Gösterinin içerisinde anlattığınız hikayeler hep oyunculuk üzerine. Neden özellikle oyunculuk anılarınız?

- Benim hayatımı anlatıyor. Çok samimi olduğunu düşünüyorum. Herhalde kendimi en iyi böyle ifade ederdim. Cenk’in hayata bakış açısı, yaşadıkları, mizahla ilgili yorumunu anlatıyorum. Kurgu olan işleri sırf iş yapmak için, dikkat çekebilmek için, gündemi kullanmak için yapılan işleri samimi bulmuyorum ve öyle olmamak için gösteriye kendimden bir şeyler katıyorum.

Bundan sonraki hedefiniz nedir?

- Çok hayalim var. Öncelikle gösteriyle ilgili hayalim; Çok Doluyum gösterisini ülkenin her köşesinde oynamak isterim. Bütün herkese göstermek istiyorum.

- Bunu hayata geçirmek için bir planlama yaptınız mı?

- Yaptım. Organizatörlerle görüşüyoruz. Yeni yeni tanıtımlarımız yapılmaya başladı farklı şehirlerde.
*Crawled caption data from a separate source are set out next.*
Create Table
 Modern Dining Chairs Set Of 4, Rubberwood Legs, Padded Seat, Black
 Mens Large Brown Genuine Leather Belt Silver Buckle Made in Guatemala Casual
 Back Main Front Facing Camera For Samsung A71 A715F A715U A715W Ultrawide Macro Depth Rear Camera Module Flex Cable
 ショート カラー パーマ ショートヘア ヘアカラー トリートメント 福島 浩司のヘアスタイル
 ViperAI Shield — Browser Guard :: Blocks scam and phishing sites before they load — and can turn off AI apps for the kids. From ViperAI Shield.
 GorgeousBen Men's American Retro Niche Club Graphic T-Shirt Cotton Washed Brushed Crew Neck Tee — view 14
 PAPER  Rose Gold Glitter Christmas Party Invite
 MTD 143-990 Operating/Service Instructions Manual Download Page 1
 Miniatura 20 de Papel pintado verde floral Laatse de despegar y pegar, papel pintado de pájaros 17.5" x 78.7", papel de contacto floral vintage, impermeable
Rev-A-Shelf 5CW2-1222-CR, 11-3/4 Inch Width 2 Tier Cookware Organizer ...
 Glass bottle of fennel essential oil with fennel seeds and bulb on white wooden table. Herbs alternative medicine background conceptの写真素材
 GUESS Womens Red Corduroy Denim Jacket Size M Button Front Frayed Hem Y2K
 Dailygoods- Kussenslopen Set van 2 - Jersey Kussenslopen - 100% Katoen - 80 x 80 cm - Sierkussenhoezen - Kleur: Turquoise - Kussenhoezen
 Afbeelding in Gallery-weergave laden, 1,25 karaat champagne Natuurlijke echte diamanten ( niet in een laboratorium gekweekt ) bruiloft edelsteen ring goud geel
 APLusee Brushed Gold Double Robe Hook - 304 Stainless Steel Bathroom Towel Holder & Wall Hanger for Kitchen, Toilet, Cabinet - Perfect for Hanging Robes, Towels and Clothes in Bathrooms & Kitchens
Daha büyük kitlelere, çok daha sıcak bir samimiyet kurmak adına paylaşıyoruz.

Bundan sonra Çok Doluyum gösterisini takip etmek isteyen izleyicilerimiz, hem instagram hem Facebook da Cenk Tunalı sayfalarından oyunları takip edebilirim. Aynı zamanda oyunculuk üzerine eğitim almak isteyen öğrenciler Kılçık Mekan’da bizi gelip izleyebilirler. Her türlü konuda yardımcı oluruz. Daha da fazlası var. Youtube kanalımda Cenk Tunalı olarak eğitim videolarımız var. gelmeye üşenen adaylar bir tık ötede oyunculuğa dair pek çok şey öğrenebilir.

Paylaşımlarınız bol olsun o zaman. Son olarak, bu röportajın içeriğinde mizahı, güldürecek bir son söz alabilir miyiz? Madem bu kadar gülmekten bahsettik, alın size güldürmenin en zoru (gülerek)?

- Ama bu çok iddialı oldu (gülerek). Bir buçuk saat gösteri yapıp, bir komedyene daha komik bir şey söyle demekten daha komik bir şey olamaz.